I live in Canada. As a matter of fact, I was born and raised here. My parents came as immigrants and then I was born last of three children. As a child my parents encouraged me to go outside and enjoy the fresh air, sometimes it would be the fresh mountain air. My parents would take me skating to the local skate rink and every time I was on the ice all I could do was wait until I can get off the ice. I would stand there shaking in my skates afraid that I would fall and I would fall often. Strangers would provide sympathetic smiles and sometimes I would fall, and I would stay there. I would sit in my snowpants sitting on the lake.

My family used to take me skiing every once in a while, not downhill just cross country and I would always choose the easiest path, the one that barely had hills.
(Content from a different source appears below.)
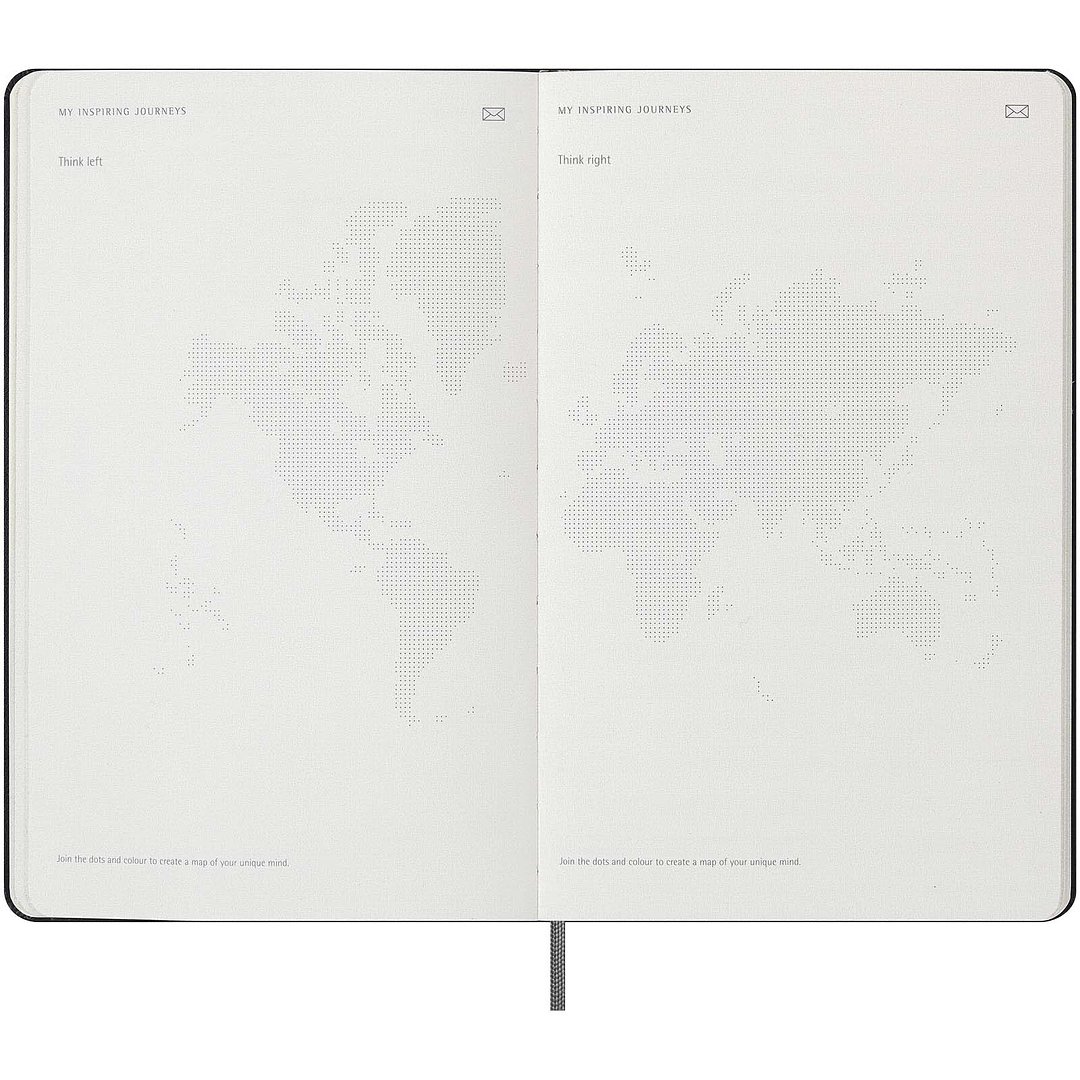 12 Monate Wochenplaner Smart Planner L - Nelylan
My mom would always go with me, whilst my two older sisters and my dad took the harder path and they would be gone for hours even after my mom and me got back to the car, we would sit and wait and sometimes until nightfall.

I went downhill skiing once on a class trip, all my friends chose snowboarding, so I went on this trip and my stomach cramps started acting up, it happens every time I get stressed out or excited. We were on a training hill, and I was the last one to leave because I could not master the going down the hill in a pizza shape. The instructor was an older man and he seemed to get annoyed with me for not enjoying the sport. I said, "my stomach hurts" and that was the end of the day for me. As soon as I got off the hill, my stomach untwisted itself I could feel my heart rate slow down. I stopped sweating because it was over. I was safe. I was no longer in the snow trying to keep up with my classmates.
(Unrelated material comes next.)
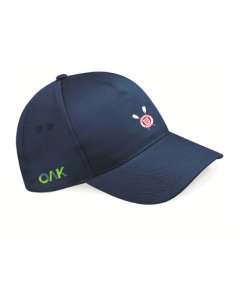 Jersey Coastal Rowing Club cap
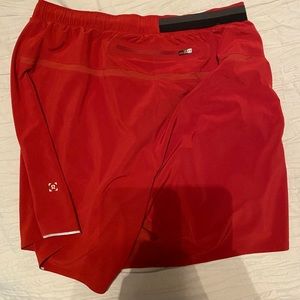 Lululemon’s Surge Short 6” Linerless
The only thing I really enjoyed about winter when growing up was building a snowman, building forts and throwing snowballs, building big mounds of snow and pretending like I was king of the mountain. I loved going tobogganing or sledding down the hill by my parent's house, behind the school. That hill no longer exists due to the school expanding.
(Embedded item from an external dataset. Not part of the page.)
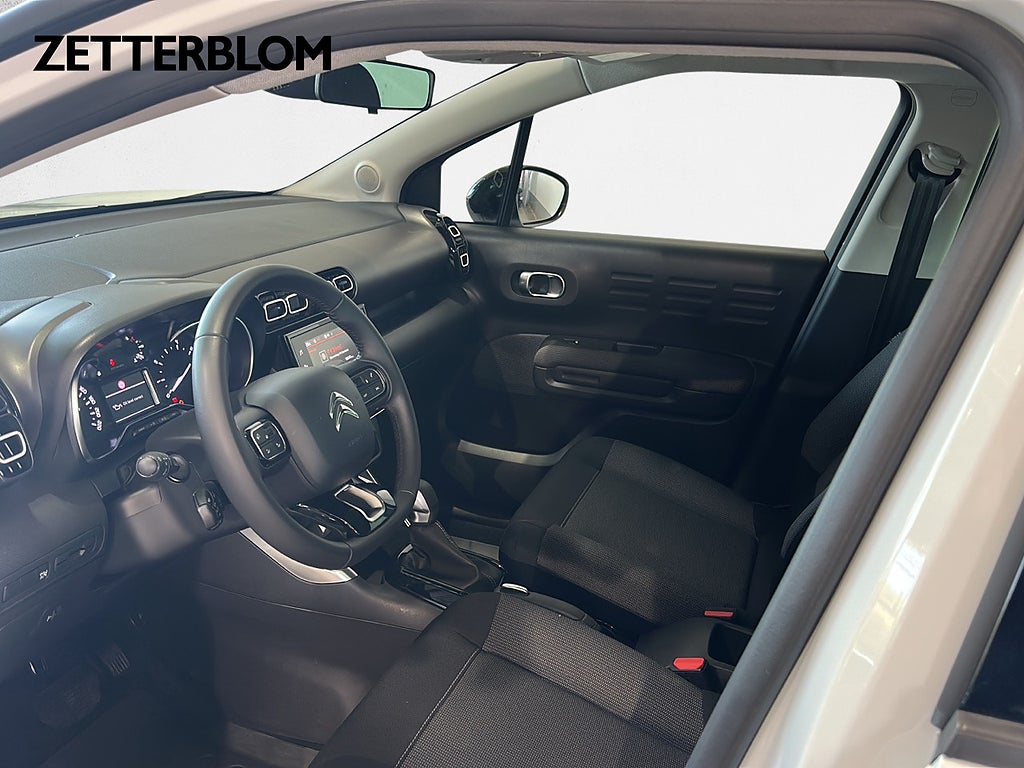 SUV Citroën C3 8 av 15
Then, there would be that change in the air, where on some days it would be getting a little warmer and there was a tickle inside my chest and a thought that would come to me "it's happening, it's finally here" after months of cold months of snow. Spring was happening and it happens so fast, it almost happens overnight. Soon, I would be seeing men in shorts, women in sundresses and that smell of the May Day flowers blooming, my nose would tickle, and allergy season would be here. The smell of sunscreen would soon waft the air and I would be able to enjoy being outside, I would take out my bike and bike around the neighboring parks, I would go to the playground and play, but what I looked forward to most was going to an outdoor pool in the city and play with my older sisters.

Now, I look forward to summer because I go outside on my lunch break, I walk around, I sit in the sun read a book for an hour. I get my camping gear in order and camp out underneath the stars in a tent, I put on my hikers that sit in the back of the closet and finally go to the mountains. I walk to the nearest ice cream store and get amazing ice cream, I sit in a kayak for hours and explore the lake and maybe see a turtle, I sit in the summer sun getting a tan while reading the latest fantasy novel. I sit on the beach and watch the sunrise or sunset, I sit by the fire and melt cheese with pita bread, I roast the perfect marshmallow with the perfect browned outside shell.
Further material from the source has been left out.